すると結構でかい温泉を発見した。あれならグレイたちも余裕で入れるな。問題は温度と間欠泉だな。
俺は黒鉄を傘にして慎重に進む。リリーたちは来たがらないので、俺のみで向かう。
無事に温泉に到着して、温度を確認。うむ、いつも入ってる風呂と同じくらいだ。温度は完璧。問題は間欠泉だな。
俺は服を来たまま温泉に入る。日本男子たるもの全裸で温泉に入りたいが、ゲームシステムが許してくれなかった。まぁ、リリーたちがいるから全裸は犯罪か…
温泉の最初の深さは胸ぐらいだ。潜って温泉の中を確認する。
間欠泉が発生するような深い箇所はない。どうやら普通の温泉みたいだな。一番深い場所は俺の首ぐらいあるからリリーたちは危ないかもな。
「来て大丈夫だよ」
俺がそういうとリリーたちは恐る恐る此方に来る。大丈夫だって…あ、せっかくだからワープポイントを設置し直して、グレイたちを召喚して上げよう。

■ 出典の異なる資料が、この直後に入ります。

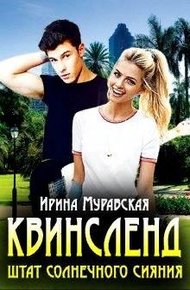 Обложка книги Квинсленд. Штат солнечного сияния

現在、皆で温泉を満喫中。グレイたちは全員目を細めてリラックスモードだ。最初は警戒していたが、入ったら呆気なく落ちた。
伊雪と優牙が気になったがどっぷりはまっている。
「…ブクブク」
「いい湯加減ですね。マスター」
「だな~。温泉が発見できたのは良かったよ。稲荷様と和狐に感謝だな」
「うちはなんもしておりませんよ。温泉ゆうのもあるんの知らんかったし、タクトはんのお手柄どす」
そうだとしてもやはりイエローオッサ山脈に入ることを許可してくれた稲荷様と案内してくれた和狐には感謝したい。
「ねぇねぇ。あの四人はどうしたの?」
「なかなか入ろうとしませんが…」
「色々あったんだよ」
リリーたちは大丈夫と言っても入ろうとしない。ミールとブランが話し掛ける。
「リリー様、イオン様、セチア様、いい湯加減ですよ?」
「これを味合わないのは損だと思いますよ」
「皆はブクブクバーンの恐さを知らないから入れるんだよ!」
「そうです! ブクブクバーンは凄い熱いんですよ!」
「しかもいきなりブクブクバーンなんです」
『ブクブクバーンって何?』
リリーたちの中で間欠泉はブクブクバーンと命名されたみたいだ。まぁ、危ないものだし、皆にも教えておこう。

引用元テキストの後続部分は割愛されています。